When creating a work, Ursula’s starting point is always the image itself. With this springboard, she then delights in the intuitive decisions that the actual process of making challenges her with. Thus it is a compelling and unpredictable journey from her original conception of the work, and her instinctive responses to this process, ` it is easy to have an image in your head,’ Ursula notes, ‘but the difficult thing is to realise it, often it can’t be, and you have to change it constantly’. As the work evolves, these responses invigorate the sculptor. ‘There is so much anxiety and then surprise as to what has happened to it….a detour…and things you didn’t expect have a quality of groping and not being certain’. Importantly, this becomes a catalyst for the innate dynamism of the piece, ‘the more certain you are, the more pat and figured out it looks, and the more boring. The life that it has….of not being figured out, is an important part of the energy of that piece, to that piece being alive’. Significantly one of Ursula’s favourite artists is Joseph Beuys, of whom she says, ‘he is not one of those artists who is certain of their direction’.
Ursula’s Polish background has played an essential part in shaping her vision. She readily acknowledges the importance of objects such as tools in works like Paul’s Shovel (1987, fig.4), and texture and materials such as wood, felt and lace are intrinsically linked and interwoven with memories of her past; wood for example is associated with the refugee barracks where she grew up. Although the powerful simplicity of her works are often imbued with an abstract suggestion of emotion, this is always subtle and intangible, chiming with her own description of the Early Renaissance painter, Giotto’s work as embodying, ‘the containment of emotion and the economy of emotion’. Thus, Ursula’s work itself refutes any notion of ‘blatant pain….and pathos’, because although her past is bound up with her work, she insists, ‘I don’t like the idea of people pointing to my early childhood in the post World War Two refugee camps as being the key to understanding my work, as if when you know that, it is the answer.
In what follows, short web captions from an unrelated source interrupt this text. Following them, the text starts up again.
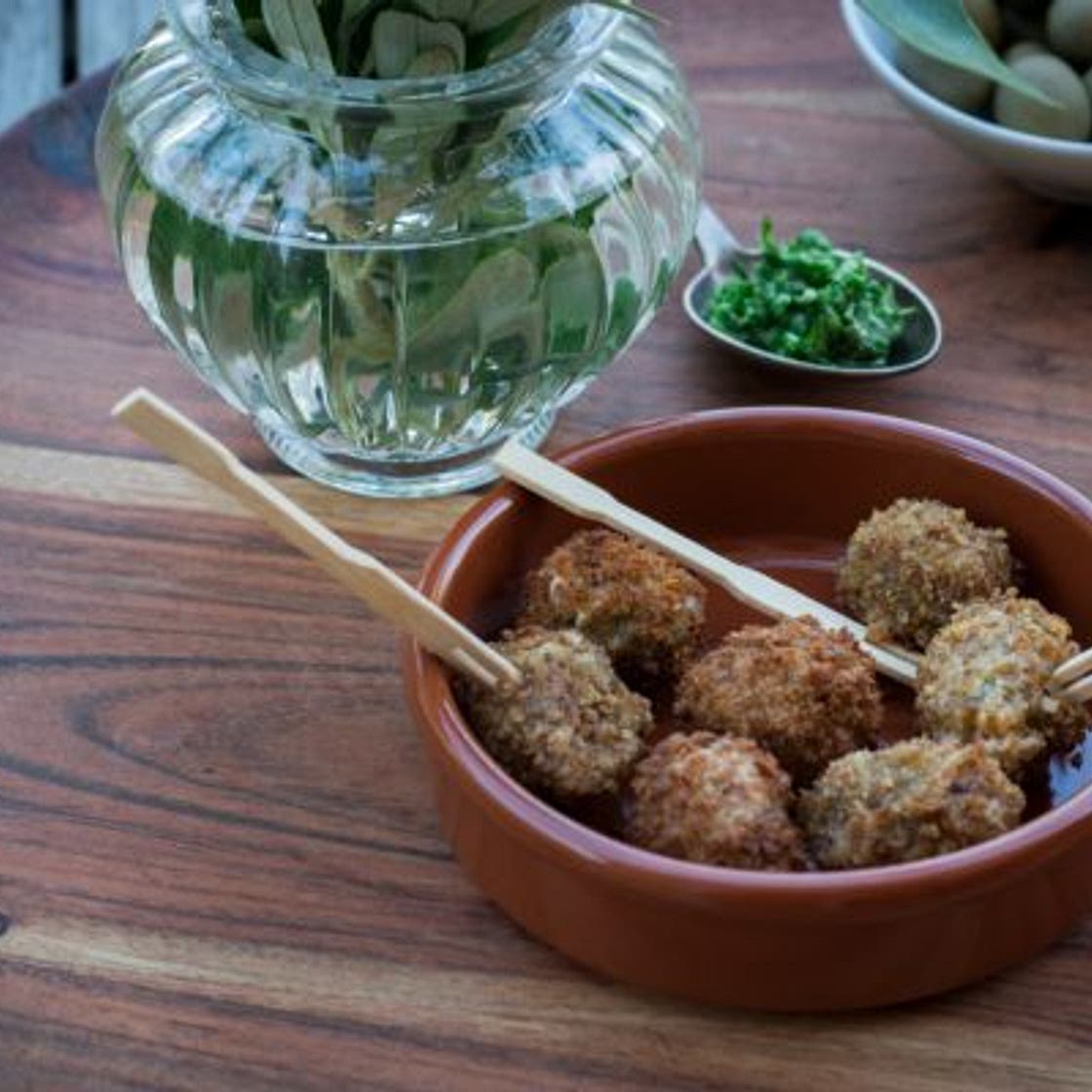 Fried olives in a Fitness Bread coat with herbal filling – Mestemacher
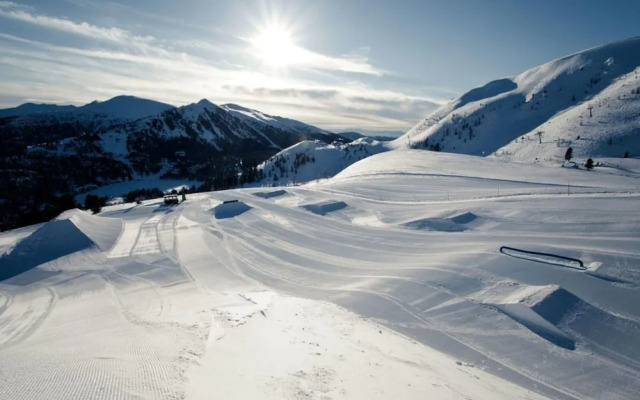 Welcoming Chalet With hot tub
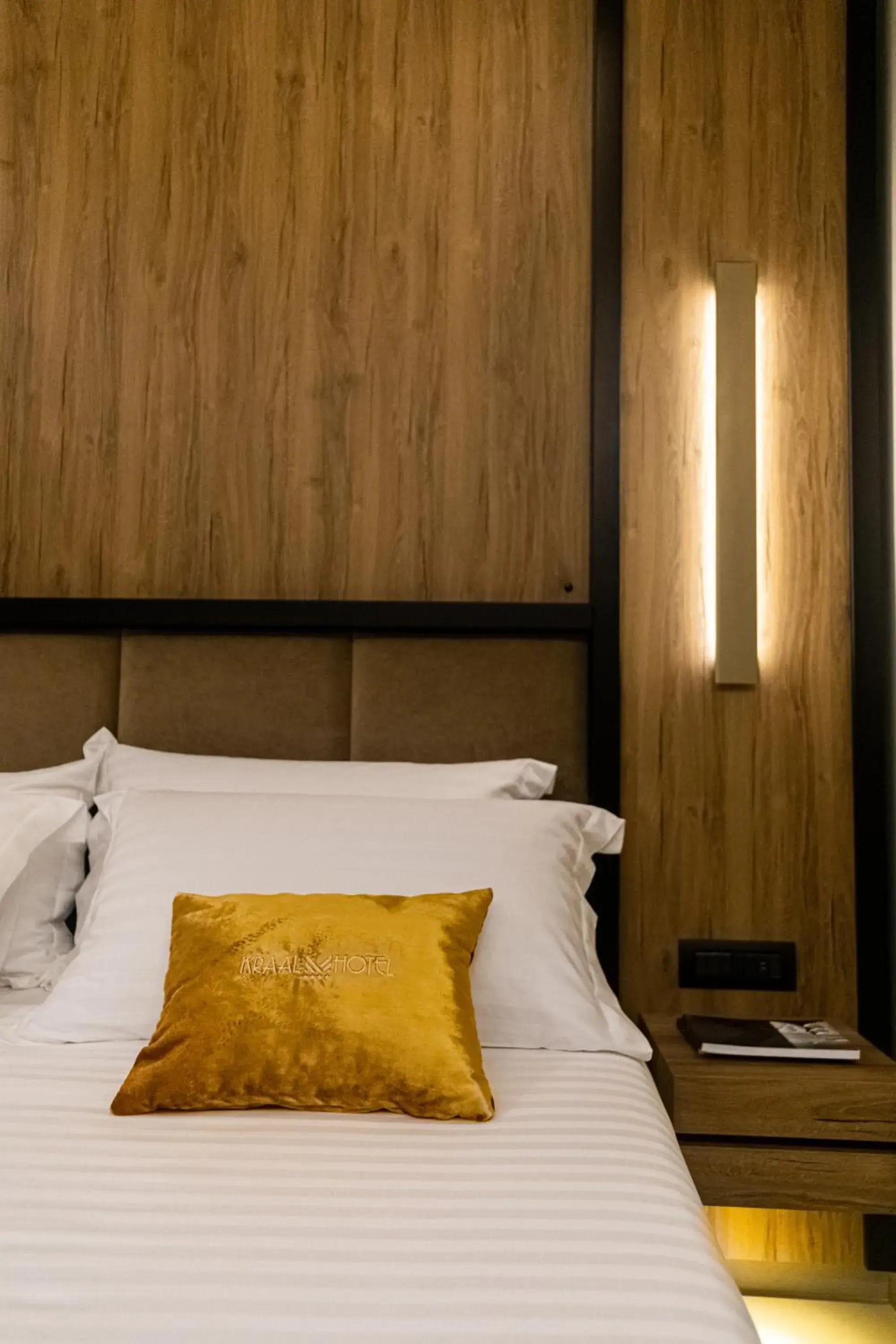 Superior King Room - single occupancy in Kraal Hotel Vlore Superior King Room - single occupancy in Kraal Hotel Vlore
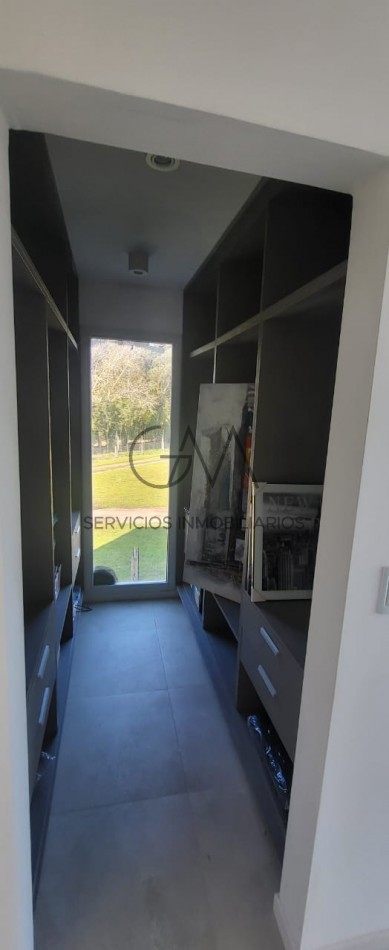 Moderna casa a estrenar en Tierras del Mar.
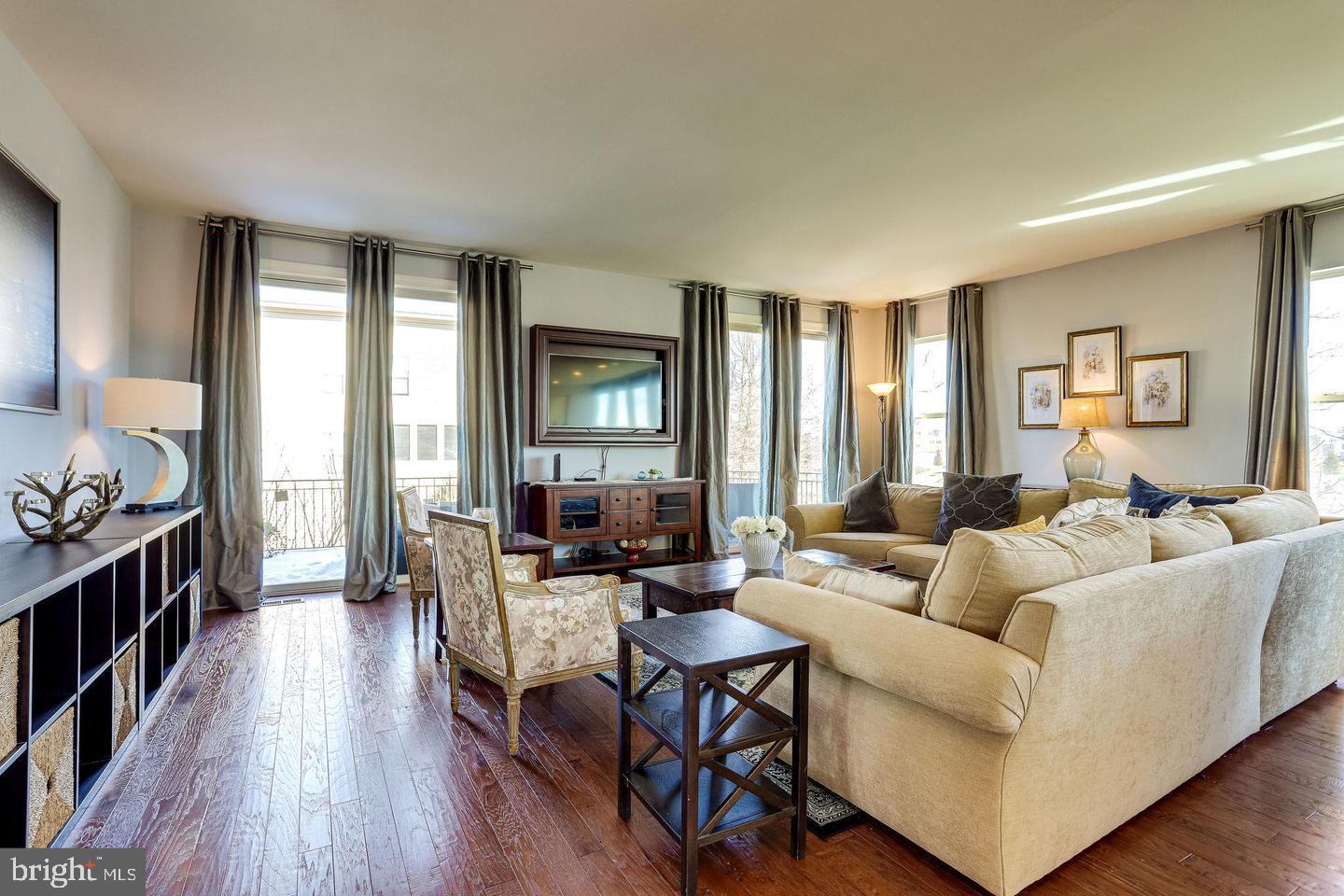 BRAMBLETON TOWN CENTER - Residential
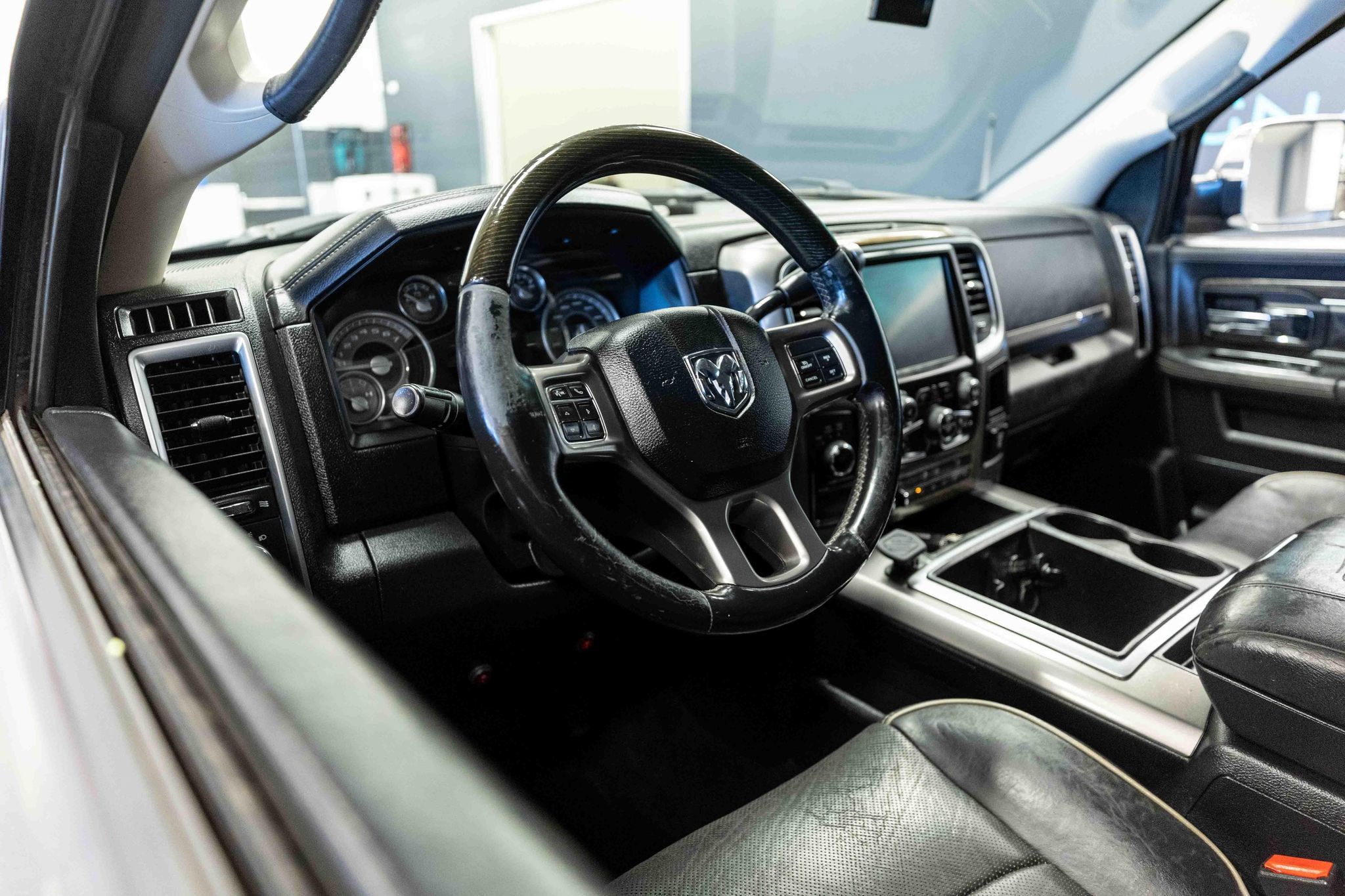 Used 2015 RAM 2500 Limited AWD/4WD image 10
I don’t want that definite answer, as a lot of things feed into what I do’. Again this reflects one of the central discourses that permeate Ursula’s work, where metaphor and suggestion are at play – but with a reluctance to define and reveal. The sculptor’s natural connection with materials, texture and objects have led her to prowl local flea markets, ‘it’s the visual that communicates to me, and the texture’ she enthuses,’…it’s so appealing. It is almost like a sexual urge, I want it near me. I like this object and the signals are not subtle, it speaks to me and it’s instinctive. I have a huge collection of tools, old shovels, hammers…’.
Another integral factor relating to Ursula’s past that has a fundamental role in anchoring her work, is the idea of ‘work’ and the dignity of ’labour’. This concept fuses the generations in her family as it formed the foundation of her father’s principles, and Ursula relates how, ‘It was the definition of his life…as a child you were loved for the labour that you did’. Ursula’s appreciation of her assistants becomes an extension of this idea, ‘when I see the work my assistants have done, I feel so close to them, it is because what they are working on is so important to me. I consider them my other family’.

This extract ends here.